"""

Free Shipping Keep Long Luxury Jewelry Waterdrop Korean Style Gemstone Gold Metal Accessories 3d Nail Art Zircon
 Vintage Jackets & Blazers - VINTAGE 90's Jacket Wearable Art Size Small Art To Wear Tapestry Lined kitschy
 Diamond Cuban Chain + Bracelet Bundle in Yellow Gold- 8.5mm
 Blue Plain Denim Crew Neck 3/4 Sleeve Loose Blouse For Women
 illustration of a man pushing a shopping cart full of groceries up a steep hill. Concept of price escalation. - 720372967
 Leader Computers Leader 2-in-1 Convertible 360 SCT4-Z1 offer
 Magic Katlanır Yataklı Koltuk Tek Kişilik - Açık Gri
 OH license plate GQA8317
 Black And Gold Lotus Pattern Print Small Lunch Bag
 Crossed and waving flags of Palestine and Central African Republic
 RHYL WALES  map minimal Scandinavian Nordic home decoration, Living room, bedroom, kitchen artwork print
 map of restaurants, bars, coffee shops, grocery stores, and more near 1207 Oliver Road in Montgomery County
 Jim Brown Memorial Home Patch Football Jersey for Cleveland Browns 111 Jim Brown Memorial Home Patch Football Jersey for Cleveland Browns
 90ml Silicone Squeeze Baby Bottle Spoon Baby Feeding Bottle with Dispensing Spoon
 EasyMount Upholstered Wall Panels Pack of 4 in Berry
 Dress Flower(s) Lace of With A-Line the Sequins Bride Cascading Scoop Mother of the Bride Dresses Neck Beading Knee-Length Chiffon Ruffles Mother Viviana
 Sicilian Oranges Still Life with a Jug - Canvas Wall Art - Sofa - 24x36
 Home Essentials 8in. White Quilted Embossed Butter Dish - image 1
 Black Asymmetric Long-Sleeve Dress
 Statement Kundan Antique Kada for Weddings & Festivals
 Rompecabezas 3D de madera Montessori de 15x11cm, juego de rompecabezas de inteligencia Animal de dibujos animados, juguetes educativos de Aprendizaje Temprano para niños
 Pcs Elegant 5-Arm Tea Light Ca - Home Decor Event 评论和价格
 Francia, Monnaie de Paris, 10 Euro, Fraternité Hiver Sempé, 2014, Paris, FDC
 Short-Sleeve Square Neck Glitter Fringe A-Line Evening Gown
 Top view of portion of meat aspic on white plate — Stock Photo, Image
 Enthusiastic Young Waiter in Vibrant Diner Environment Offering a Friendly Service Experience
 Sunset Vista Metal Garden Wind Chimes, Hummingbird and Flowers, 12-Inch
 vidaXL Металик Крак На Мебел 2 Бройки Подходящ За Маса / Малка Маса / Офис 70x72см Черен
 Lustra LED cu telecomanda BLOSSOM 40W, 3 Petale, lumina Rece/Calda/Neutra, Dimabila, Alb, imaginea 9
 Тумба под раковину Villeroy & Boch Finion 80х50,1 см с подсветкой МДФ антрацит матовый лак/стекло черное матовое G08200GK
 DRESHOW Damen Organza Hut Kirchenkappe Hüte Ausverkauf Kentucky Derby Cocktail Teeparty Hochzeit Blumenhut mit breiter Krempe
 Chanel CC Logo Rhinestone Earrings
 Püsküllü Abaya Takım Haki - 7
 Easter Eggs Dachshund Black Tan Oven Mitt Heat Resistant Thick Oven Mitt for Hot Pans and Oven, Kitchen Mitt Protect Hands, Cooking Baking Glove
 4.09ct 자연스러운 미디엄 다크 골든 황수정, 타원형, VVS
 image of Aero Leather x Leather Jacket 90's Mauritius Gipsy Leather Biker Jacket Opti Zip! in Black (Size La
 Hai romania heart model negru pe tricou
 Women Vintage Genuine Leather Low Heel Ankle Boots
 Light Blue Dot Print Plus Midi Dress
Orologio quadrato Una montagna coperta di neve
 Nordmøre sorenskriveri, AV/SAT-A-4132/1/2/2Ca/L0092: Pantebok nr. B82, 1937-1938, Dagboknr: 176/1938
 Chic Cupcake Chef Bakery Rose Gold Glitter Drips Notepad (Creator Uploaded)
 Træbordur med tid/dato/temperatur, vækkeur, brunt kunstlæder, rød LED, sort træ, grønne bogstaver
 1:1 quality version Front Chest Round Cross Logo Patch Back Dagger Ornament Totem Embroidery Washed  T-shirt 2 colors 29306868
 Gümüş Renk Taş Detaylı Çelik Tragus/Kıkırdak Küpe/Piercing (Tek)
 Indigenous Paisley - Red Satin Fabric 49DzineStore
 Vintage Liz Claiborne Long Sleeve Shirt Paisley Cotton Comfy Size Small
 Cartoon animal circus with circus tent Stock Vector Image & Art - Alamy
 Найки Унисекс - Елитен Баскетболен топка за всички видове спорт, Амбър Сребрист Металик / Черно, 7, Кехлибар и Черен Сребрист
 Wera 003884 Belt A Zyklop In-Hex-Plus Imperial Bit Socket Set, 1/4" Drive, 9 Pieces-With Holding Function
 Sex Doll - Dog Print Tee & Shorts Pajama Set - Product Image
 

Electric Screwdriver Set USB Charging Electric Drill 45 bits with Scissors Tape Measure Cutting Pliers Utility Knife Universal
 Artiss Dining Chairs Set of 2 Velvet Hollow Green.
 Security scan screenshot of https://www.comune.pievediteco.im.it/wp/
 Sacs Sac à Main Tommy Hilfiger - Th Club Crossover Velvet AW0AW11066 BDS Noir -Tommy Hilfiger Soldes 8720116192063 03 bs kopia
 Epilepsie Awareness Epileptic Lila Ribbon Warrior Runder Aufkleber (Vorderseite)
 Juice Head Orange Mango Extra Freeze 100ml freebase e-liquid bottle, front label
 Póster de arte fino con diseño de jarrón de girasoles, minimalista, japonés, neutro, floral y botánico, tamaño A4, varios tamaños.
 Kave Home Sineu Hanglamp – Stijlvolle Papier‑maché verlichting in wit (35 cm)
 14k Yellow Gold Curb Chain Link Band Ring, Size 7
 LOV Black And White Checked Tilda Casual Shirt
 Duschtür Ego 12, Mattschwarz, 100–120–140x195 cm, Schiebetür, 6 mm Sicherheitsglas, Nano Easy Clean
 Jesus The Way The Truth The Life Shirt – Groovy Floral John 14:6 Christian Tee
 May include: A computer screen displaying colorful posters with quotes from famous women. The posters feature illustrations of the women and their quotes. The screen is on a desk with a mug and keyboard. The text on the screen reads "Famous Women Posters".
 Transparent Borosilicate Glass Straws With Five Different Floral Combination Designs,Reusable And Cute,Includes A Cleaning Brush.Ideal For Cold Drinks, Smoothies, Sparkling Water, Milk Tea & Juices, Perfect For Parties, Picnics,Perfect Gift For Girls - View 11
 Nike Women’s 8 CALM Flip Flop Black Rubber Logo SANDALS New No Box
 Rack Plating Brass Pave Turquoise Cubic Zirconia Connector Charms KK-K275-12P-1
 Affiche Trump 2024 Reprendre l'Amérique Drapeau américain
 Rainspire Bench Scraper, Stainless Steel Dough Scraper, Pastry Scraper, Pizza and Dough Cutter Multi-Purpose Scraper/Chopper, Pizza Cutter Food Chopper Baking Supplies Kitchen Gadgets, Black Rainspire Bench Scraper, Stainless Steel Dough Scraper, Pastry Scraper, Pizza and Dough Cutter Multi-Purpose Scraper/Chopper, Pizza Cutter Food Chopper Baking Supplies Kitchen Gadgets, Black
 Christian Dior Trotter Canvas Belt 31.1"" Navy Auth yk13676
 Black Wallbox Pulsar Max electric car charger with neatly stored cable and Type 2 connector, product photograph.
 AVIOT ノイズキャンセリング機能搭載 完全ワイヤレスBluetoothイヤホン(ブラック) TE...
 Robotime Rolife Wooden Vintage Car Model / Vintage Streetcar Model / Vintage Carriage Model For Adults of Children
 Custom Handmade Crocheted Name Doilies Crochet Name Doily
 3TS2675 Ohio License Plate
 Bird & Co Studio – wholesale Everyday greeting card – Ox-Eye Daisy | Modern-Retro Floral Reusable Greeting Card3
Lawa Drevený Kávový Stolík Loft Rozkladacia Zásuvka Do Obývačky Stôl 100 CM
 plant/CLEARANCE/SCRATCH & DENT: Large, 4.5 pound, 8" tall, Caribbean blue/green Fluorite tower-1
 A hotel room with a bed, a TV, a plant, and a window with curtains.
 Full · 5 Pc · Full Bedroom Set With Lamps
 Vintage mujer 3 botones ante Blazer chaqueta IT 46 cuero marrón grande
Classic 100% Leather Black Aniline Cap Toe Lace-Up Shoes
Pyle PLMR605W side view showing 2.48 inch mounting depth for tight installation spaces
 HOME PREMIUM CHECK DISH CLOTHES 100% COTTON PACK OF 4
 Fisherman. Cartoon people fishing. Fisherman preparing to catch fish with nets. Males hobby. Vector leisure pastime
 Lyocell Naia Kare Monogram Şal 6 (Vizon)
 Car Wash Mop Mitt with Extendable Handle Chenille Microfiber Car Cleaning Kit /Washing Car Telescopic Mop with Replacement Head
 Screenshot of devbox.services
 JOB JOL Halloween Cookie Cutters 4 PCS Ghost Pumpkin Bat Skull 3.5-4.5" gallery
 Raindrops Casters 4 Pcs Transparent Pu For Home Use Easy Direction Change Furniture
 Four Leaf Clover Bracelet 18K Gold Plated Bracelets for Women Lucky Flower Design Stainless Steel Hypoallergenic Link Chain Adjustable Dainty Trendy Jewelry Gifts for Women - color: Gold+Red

"""

In the listing above, find the line with "Hai romania heart model negru pe tricou" and the line with "1:1 quality version", then reproduce both and every line between them exactly.

Task solution:
 Hai romania heart model negru pe tricou
 Women Vintage Genuine Leather Low Heel Ankle Boots
 Light Blue Dot Print Plus Midi Dress
Orologio quadrato Una montagna coperta di neve
 Nordmøre sorenskriveri, AV/SAT-A-4132/1/2/2Ca/L0092: Pantebok nr. B82, 1937-1938, Dagboknr: 176/1938
 Chic Cupcake Chef Bakery Rose Gold Glitter Drips Notepad (Creator Uploaded)
 Træbordur med tid/dato/temperatur, vækkeur, brunt kunstlæder, rød LED, sort træ, grønne bogstaver
 1:1 quality version Front Chest Round Cross Logo Patch Back Dagger Ornament Totem Embroidery Washed  T-shirt 2 colors 29306868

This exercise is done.